## Instructions to follow
Write out the data exactly as given, dropping every picture.

## Input data
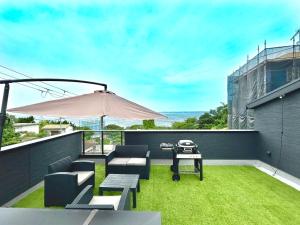 - une terrasse avec un barbecue, des chaises et un parasol dans l'établissement Keshiki 淡路島, à Awaji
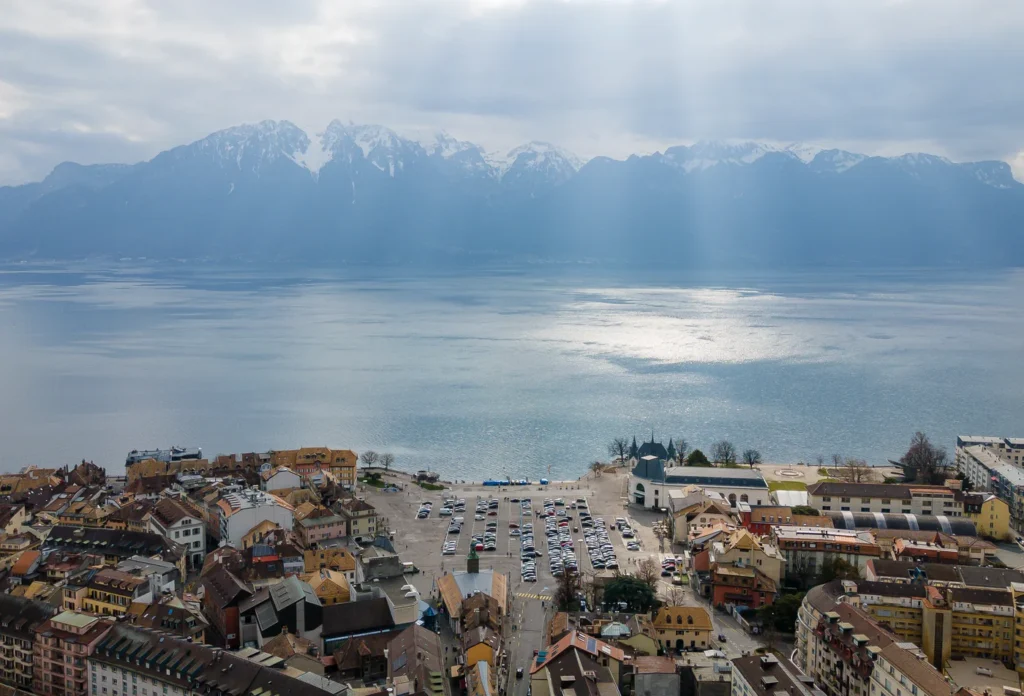 An aerial view of Vevey beside Lake Geneva, providing town context for the waterfront afternoon; the fork sculpture is not identified.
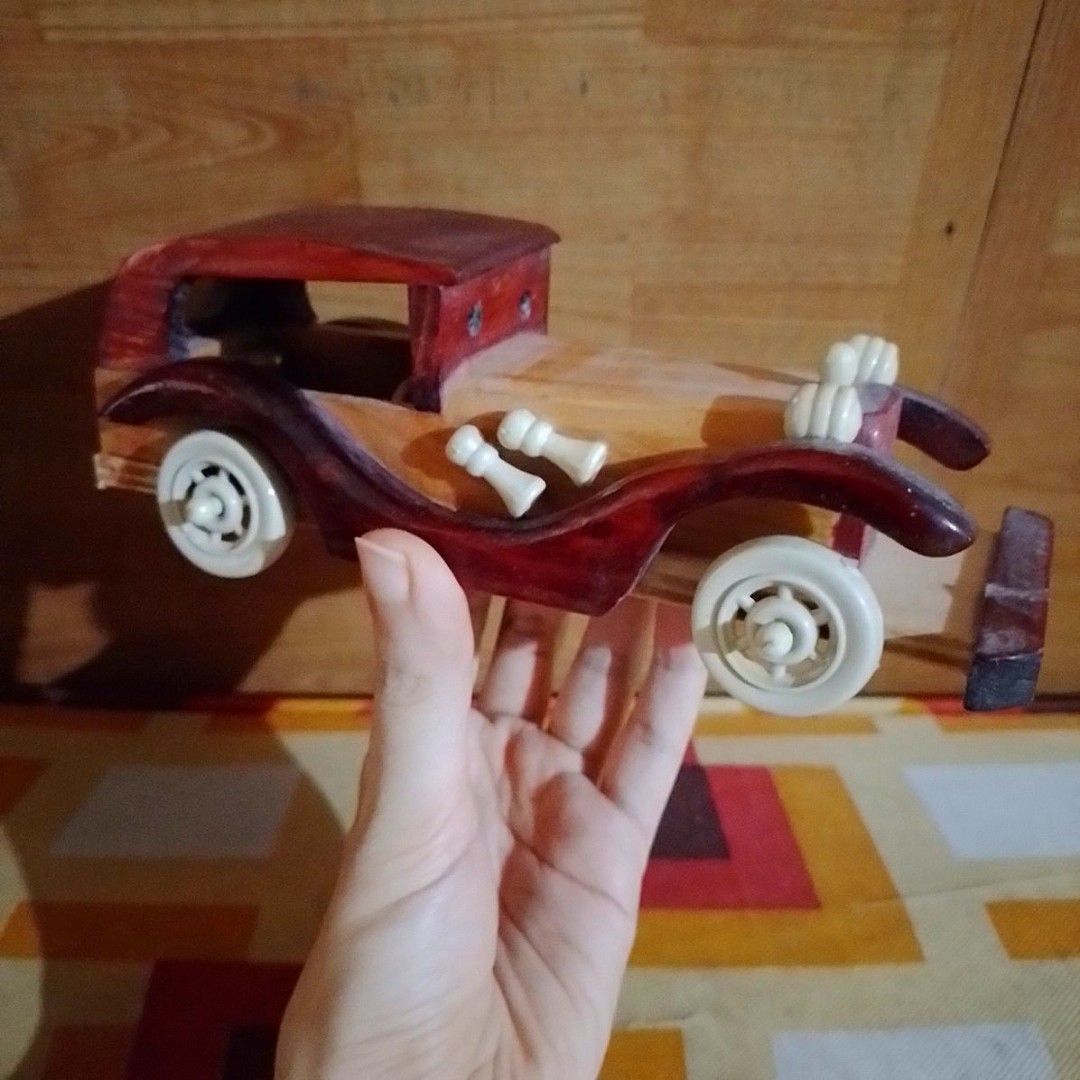 Wooden Vintage Car Display (Category: Other Home Decor) located in Bacoor. Submitted by hazirannei (Listing ID 1318983495, Image 2). Description: Wooden Vintage Car Display *broken back wheel cover at the right side *missing back bumper RfS: Decluttering MoP: GCash MoD: LBC Express or Buyer's preferred Courier if thru online booking. Shipping Fee at Buyer's expense..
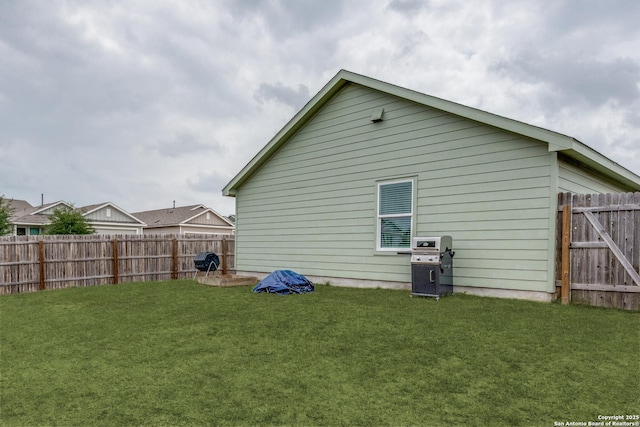 rear view of house with a lawn and a fenced backyard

## Exercise result
 - une terrasse avec un barbecue, des chaises et un parasol dans l'établissement Keshiki 淡路島, à Awaji
 An aerial view of Vevey beside Lake Geneva, providing town context for the waterfront afternoon; the fork sculpture is not identified.
 Wooden Vintage Car Display (Category: Other Home Decor) located in Bacoor. Submitted by hazirannei (Listing ID 1318983495, Image 2). Description: Wooden Vintage Car Display *broken back wheel cover at the right side *missing back bumper RfS: Decluttering MoP: GCash MoD: LBC Express or Buyer's preferred Courier if thru online booking. Shipping Fee at Buyer's expense..
 rear view of house with a lawn and a fenced backyard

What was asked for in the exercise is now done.